As you know, Exceptions are for reporting problems with user input and/or the current environment, and they're generally considered recoverable, because programs should be written to be able to handle such errors conditions, meaning that they're part of the program's logic.
Errors are for reporting problems with the program itself, and they're not recoverable, because they prove that program's logic is faulty or that a condition so severe that the program must be terminated has occurred (e.g. running out of memory)
However, neither of those conditions necessarily says anything about not wanting to unwind the stack properly. Yes, if you're going to continue to run the program after the Exception is thrown, then it's that much more critical that the stack be unwound properly, but even with Errors, it can be valuable to have the stack unwind properly, because that very unwinding can be used to get information about the program as it shuts down.
For instance, Timon does this already with programs that actual users use. It's just that he has to work around the fact that not all of the clean up code gets run (some of it does, and some of it doesn't), and the fact that some of the clean up code is skipped means that he's risking memory safety issues in the process that wouldn't have been there if the stack had unwound properly. It also potentially means that he'll miss some of the information that he's trying to log so that the user can give him that information. And that information is critical to his ability to fix bugs, because he's not the one running the program, and he can't get stuff like core dumps from users (not that you get a proper core dump from an Error anyway).

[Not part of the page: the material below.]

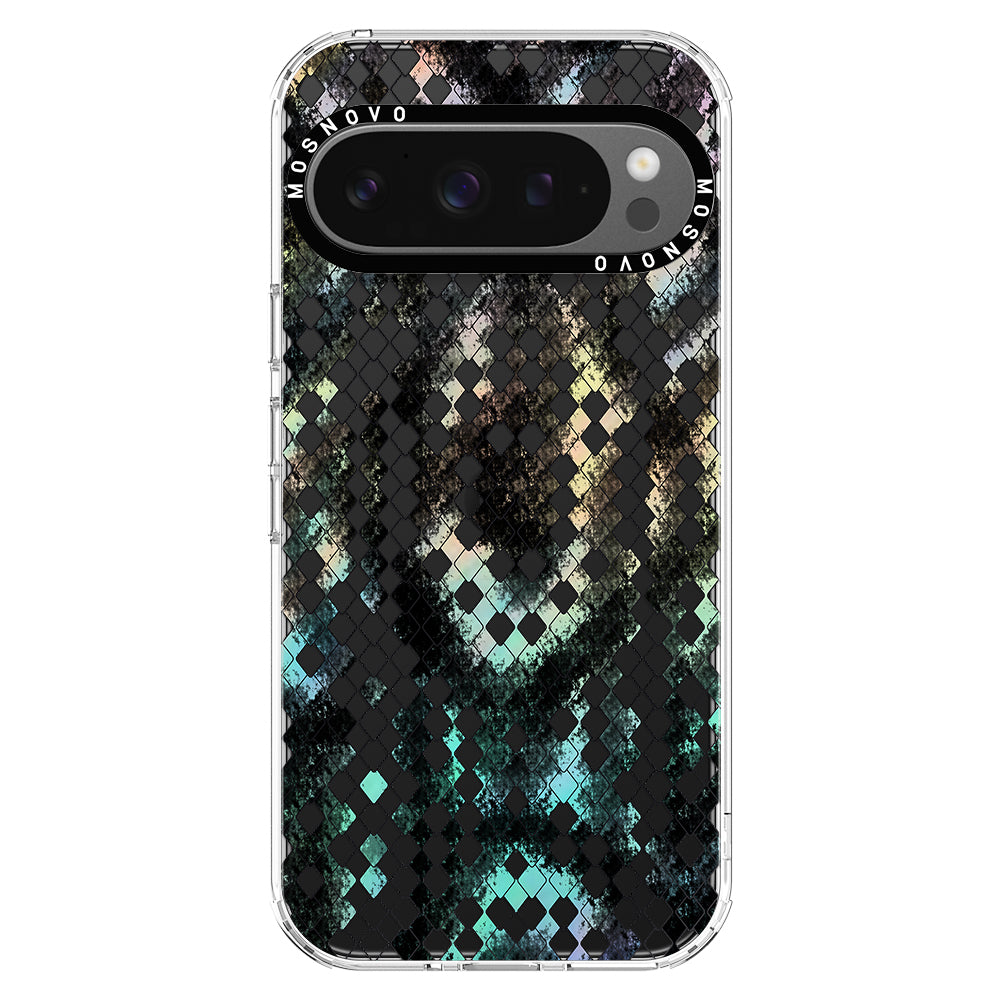 Rainbow Snake Print Phone Case - Google Pixel 9 Pro XL Case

Skipping some of the stack unwinding code when an Error is thrown makes it that much riskier for the code that is run while the program is being shutdown to run. And yes, maybe in some circumstances, that unwinding could result in files being written from bad program data, but as a general rule, Errors are thrown because the program was about to do something terrible, and it was caught, not because something terrible has already happened. And by not unwinding the stack properly, we increase the risk of things going wrong as the stack is unwound.
At minimum, it would be desirable if we could configure the runtime (or use a compiler flag if that's the more appropriate solution) so that programmers can choose whether they want the stack unwinding to work properly with Errors or not. That way, it's possible for programmers to get improved debugging information as the stack is unwound without the stack unwinding causing memory safety issues. And really, what on earth is even the point of unwinding the stack at all if we're not going to unwind it properly?